▶ **DESCRIPTION OF THE TASK**: The material below must be output exactly, line for line.

::::::

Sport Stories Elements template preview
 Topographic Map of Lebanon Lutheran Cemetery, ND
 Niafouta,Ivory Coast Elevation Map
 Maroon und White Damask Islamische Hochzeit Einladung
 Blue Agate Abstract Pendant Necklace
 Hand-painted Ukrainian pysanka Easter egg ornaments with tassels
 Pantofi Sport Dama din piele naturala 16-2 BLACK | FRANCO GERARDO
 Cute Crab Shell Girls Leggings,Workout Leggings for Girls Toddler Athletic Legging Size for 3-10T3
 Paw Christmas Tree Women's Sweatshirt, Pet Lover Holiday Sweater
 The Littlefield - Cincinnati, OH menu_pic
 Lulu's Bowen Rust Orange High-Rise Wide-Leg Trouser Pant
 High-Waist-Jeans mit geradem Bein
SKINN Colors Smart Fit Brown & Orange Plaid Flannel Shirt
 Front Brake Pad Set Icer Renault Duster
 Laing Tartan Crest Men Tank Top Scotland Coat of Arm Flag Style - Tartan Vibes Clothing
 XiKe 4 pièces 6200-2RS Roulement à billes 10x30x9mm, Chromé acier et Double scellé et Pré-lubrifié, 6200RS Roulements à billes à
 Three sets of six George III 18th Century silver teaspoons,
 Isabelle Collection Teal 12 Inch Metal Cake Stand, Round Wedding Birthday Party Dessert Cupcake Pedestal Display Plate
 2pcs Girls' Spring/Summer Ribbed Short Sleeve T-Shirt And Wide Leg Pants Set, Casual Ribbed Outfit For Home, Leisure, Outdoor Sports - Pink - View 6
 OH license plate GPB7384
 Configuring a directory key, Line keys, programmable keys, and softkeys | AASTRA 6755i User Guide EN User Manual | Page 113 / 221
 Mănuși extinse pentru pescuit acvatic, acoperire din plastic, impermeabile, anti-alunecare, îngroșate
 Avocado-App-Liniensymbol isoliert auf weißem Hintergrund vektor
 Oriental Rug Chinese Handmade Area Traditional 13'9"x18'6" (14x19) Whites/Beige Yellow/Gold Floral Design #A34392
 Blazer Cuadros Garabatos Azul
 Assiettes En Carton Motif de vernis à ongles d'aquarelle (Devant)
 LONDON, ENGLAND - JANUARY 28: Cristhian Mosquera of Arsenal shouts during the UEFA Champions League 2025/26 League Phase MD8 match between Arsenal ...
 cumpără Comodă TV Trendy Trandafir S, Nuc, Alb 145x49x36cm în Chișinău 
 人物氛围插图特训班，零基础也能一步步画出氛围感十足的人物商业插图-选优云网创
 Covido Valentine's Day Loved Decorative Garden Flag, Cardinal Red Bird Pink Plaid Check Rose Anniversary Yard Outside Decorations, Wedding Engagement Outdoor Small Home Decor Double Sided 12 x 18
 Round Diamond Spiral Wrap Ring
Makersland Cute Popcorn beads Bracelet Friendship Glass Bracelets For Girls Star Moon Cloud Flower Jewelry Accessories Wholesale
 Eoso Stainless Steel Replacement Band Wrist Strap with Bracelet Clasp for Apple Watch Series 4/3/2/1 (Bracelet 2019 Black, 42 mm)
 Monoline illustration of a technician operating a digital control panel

::::::

▶ **ANSWER FOR THE TASK**:
Sport Stories Elements template preview
 Topographic Map of Lebanon Lutheran Cemetery, ND
 Niafouta,Ivory Coast Elevation Map
 Maroon und White Damask Islamische Hochzeit Einladung
 Blue Agate Abstract Pendant Necklace
 Hand-painted Ukrainian pysanka Easter egg ornaments with tassels
 Pantofi Sport Dama din piele naturala 16-2 BLACK | FRANCO GERARDO
 Cute Crab Shell Girls Leggings,Workout Leggings for Girls Toddler Athletic Legging Size for 3-10T3
 Paw Christmas Tree Women's Sweatshirt, Pet Lover Holiday Sweater
 The Littlefield - Cincinnati, OH menu_pic
 Lulu's Bowen Rust Orange High-Rise Wide-Leg Trouser Pant
 High-Waist-Jeans mit geradem Bein
SKINN Colors Smart Fit Brown & Orange Plaid Flannel Shirt
 Front Brake Pad Set Icer Renault Duster
 Laing Tartan Crest Men Tank Top Scotland Coat of Arm Flag Style - Tartan Vibes Clothing
 XiKe 4 pièces 6200-2RS Roulement à billes 10x30x9mm, Chromé acier et Double scellé et Pré-lubrifié, 6200RS Roulements à billes à
 Three sets of six George III 18th Century silver teaspoons,
 Isabelle Collection Teal 12 Inch Metal Cake Stand, Round Wedding Birthday Party Dessert Cupcake Pedestal Display Plate
 2pcs Girls' Spring/Summer Ribbed Short Sleeve T-Shirt And Wide Leg Pants Set, Casual Ribbed Outfit For Home, Leisure, Outdoor Sports - Pink - View 6
 OH license plate GPB7384
 Configuring a directory key, Line keys, programmable keys, and softkeys | AASTRA 6755i User Guide EN User Manual | Page 113 / 221
 Mănuși extinse pentru pescuit acvatic, acoperire din plastic, impermeabile, anti-alunecare, îngroșate
 Avocado-App-Liniensymbol isoliert auf weißem Hintergrund vektor
 Oriental Rug Chinese Handmade Area Traditional 13'9"x18'6" (14x19) Whites/Beige Yellow/Gold Floral Design #A34392
 Blazer Cuadros Garabatos Azul
 Assiettes En Carton Motif de vernis à ongles d'aquarelle (Devant)
 LONDON, ENGLAND - JANUARY 28: Cristhian Mosquera of Arsenal shouts during the UEFA Champions League 2025/26 League Phase MD8 match between Arsenal ...
 cumpără Comodă TV Trendy Trandafir S, Nuc, Alb 145x49x36cm în Chișinău 
 人物氛围插图特训班，零基础也能一步步画出氛围感十足的人物商业插图-选优云网创
 Covido Valentine's Day Loved Decorative Garden Flag, Cardinal Red Bird Pink Plaid Check Rose Anniversary Yard Outside Decorations, Wedding Engagement Outdoor Small Home Decor Double Sided 12 x 18
 Round Diamond Spiral Wrap Ring
Makersland Cute Popcorn beads Bracelet Friendship Glass Bracelets For Girls Star Moon Cloud Flower Jewelry Accessories Wholesale
 Eoso Stainless Steel Replacement Band Wrist Strap with Bracelet Clasp for Apple Watch Series 4/3/2/1 (Bracelet 2019 Black, 42 mm)
 Monoline illustration of a technician operating a digital control panel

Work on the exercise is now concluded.